- Problem -
Nothing should appear in the answer except the lines below from the line containing "Birthday Cake Slice" through the line containing "A person holding", copied exactly, with pictures left out.

- Data extract -

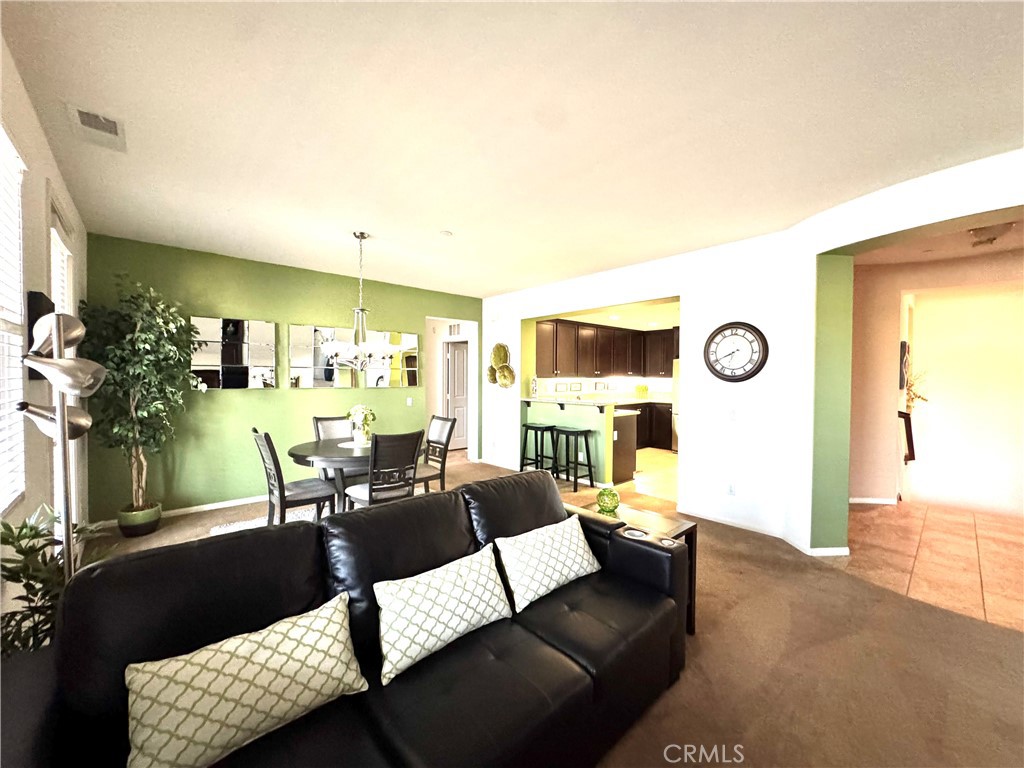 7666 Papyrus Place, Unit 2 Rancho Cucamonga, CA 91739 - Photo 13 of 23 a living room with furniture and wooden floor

...

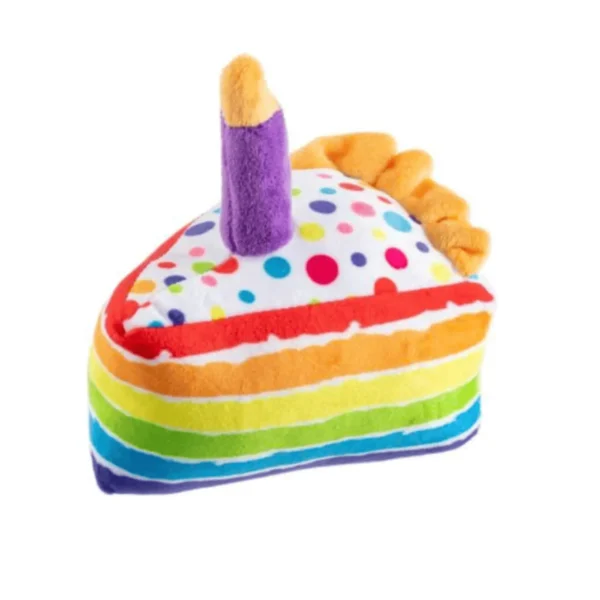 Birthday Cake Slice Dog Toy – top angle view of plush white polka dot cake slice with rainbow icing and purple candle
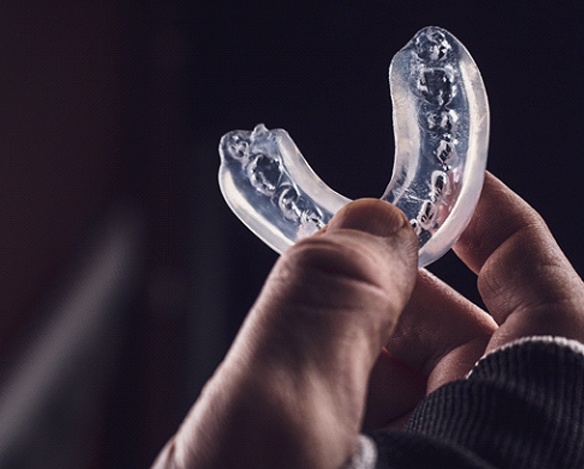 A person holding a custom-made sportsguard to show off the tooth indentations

- Task answer -
 Birthday Cake Slice Dog Toy – top angle view of plush white polka dot cake slice with rainbow icing and purple candle
 A person holding a custom-made sportsguard to show off the tooth indentations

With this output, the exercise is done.